In the post-industrial nightmare that I live in (Milwaukee, where 60% of the relatively high paying industrial jobs shipped out in the early 80's thanks to deliberate monetary policy of the unaccountable Federal Reserve Chairman Paul Volker appointed by Jimmy Carter along with deregulation) the central city has only recently been rebuilt/gentrified with yuppie condos, a convention center and a new jail. The work, relatively high pay, low skill entry level jobs, no longer exist and the social safety net has been eliminated, replaced with forced work in return for miserly government assistance. The white population has long abandoned the schools and uses the city for a playground-sports, plays and restaurants. The racial question is so obvious that the dominant white radio programs overtly tout racist themes and blame the poor and brown for the entire collapse of the community. The tax cutting in the state was so successful in the 80's and 90's that the tax burden is now almost entirely based on the working class and middling classes that own some property.

Back to our question: is the US a third world country?
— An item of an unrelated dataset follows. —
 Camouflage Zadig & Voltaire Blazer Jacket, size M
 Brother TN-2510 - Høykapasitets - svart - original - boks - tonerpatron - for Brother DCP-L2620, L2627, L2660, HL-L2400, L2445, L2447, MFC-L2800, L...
In the strictest sense the answer is no because the basis of the economy is still manufacturing, a thriving service sector and FIRE; finance, insurance and real estate but the abandonment of entire cities and rural areas because of the mantra of libertarianism and individualism since the 1980's has left massive sections of the country either in jail or within a paycheck of being on the street.

A story on NPR on how the US is viewed around the world since Iraq and Katrina.

1 comment:

Fons said...

Osacartate,

I think the people who thought up "develoment" theory actually believed what they were thinking/writing/imposing on nations was a good thing and they prefer a market economy with a liberal democracy. The problem was/is that they also believed/believe that the capitalist system would create this liberal world with the current corporate control of the planet. This is problematic because the current corporate masters don't want high wages, unions, social security, high prices for primary products, free health care, education for all.... And when people demanded these things the developmentalistas sent in the Generals to kill the liberals, social democrats, socialists, communists, nationalists, priests and whomever else advocated reform or radical change undermining their democratic ideals.